I have learned that fart jokes are almost always funny.

I have learned to tolerate a little rough housing as long as they move the coffee table out of the way first.

I know that no matter how much I clean the bathroom it might never matter.

I know that they may have trouble expressing themselves, or freeze when you do. Boys might say things that make your eyes roll, because it’s gross or dense or just plain annoying.

I know a lot girls like the above too.

But I know something else about boys:

I know that they can listen.

I know that they, like girls, look up to role models.

I know they can control their behavior.

I know they can control what they say.

I know they can think of others before themselves.

I know they can treat people with respect.

I know they can understand the meaning of the word ‘stop’.

I know they can be caring brothers, and fathers, and friends.

I know they can tell the difference between right and wrong.

I know they can be emotional.

I know they take cues from their parents and our society.

And I know that boys can live up to the expectations we set for them.

These are the type of boys that I hope my boys will be.

Every day as I raise my 4 boys I remember this. Every day there is some example, somewhere that I can set for them… and every day there is some example somewhere that makes that job more difficult.

Sure, we all have our flaws, but being a boy doesn’t have to be a flaw. Being a boy doesn’t mean that they will be vulgar, or disrespectful.

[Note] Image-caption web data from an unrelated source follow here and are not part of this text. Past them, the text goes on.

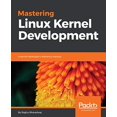 thumbnail image 1 of Pre-Owned Mastering Linux Kernel Development: A kernel developer's reference manual Paperback, 1 of 1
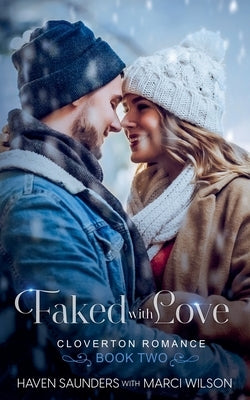 Faked with Love by Wilson, Marci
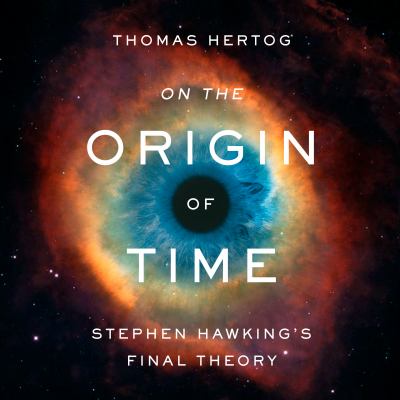 On the origin of time [eaudiobook] : Stephen hawking's final theory.
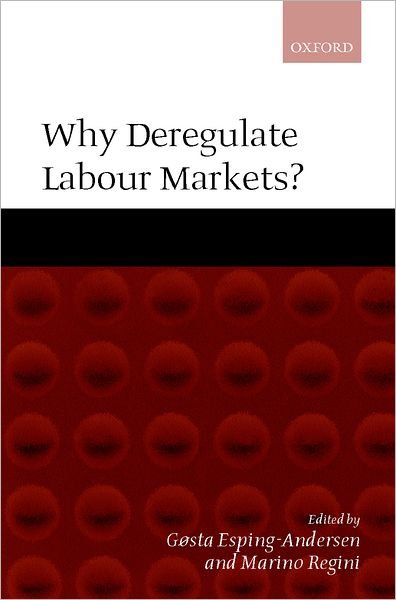 Cover for Gst Esping-andersen · Why Deregulate Labour Markets? (Gebundenes Buch) (2000)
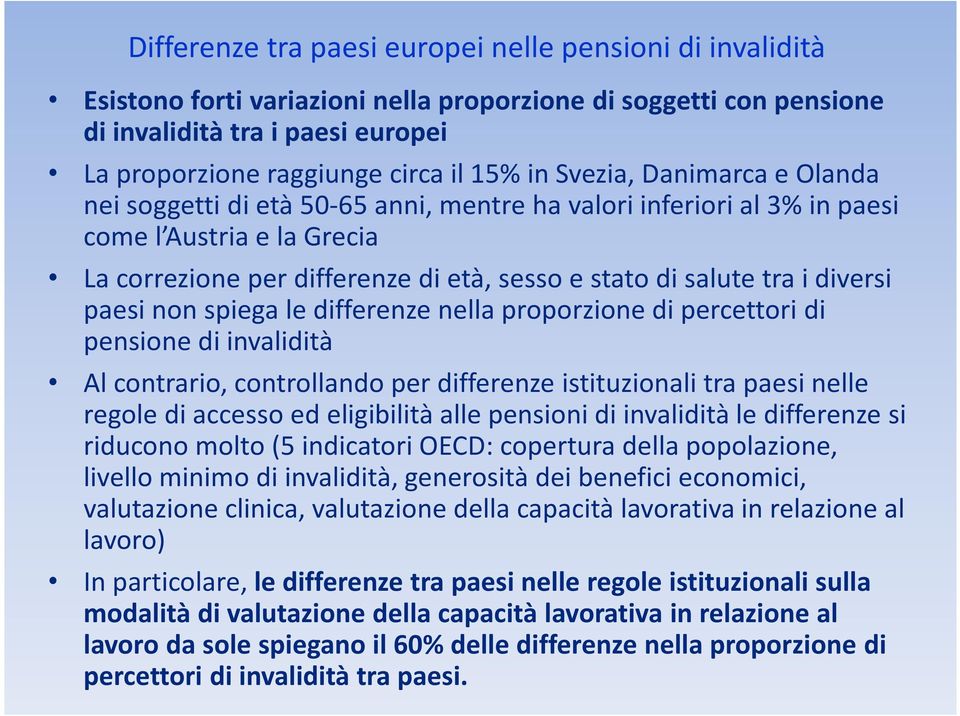 diversi paesi non spiega le differenze nella proporzione di percettori di pensione di invalidità Al contrario, controllando per differenze istituzionali tra paesi nelle regole di accesso ed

It doesn’t mean that they can ignore people’s boundaries. It doesn’t mean they can take what they want without asking.

We TEACH them what being a boy means. Every day. We show them what it means when we give them passes for bad behavior because they are “just being boys”.  We teach them that it’s okay to behave poorly when they see other “boys” get away with it.

And so, I am asking you to help me.  Give my sons the credit they deserve. Don’t write them off, hold them to a higher standard.  Give them role models who set the example of who boys can be.  Help me show them that boys can be strong without being cruel and that kindness and strength are not mutually exclusive.

Hold boys, including mine, accountable. Start when they’re little. They can take it. Don’t let them get away with being less than what we know they can be. They are better than that. I promise you I will do my absolute best to make sure that my boys live up to the standard we set for them.

Help me teach them what it means to be a boy.  Because, yes, boys will be boys… but eventually these boys will become men.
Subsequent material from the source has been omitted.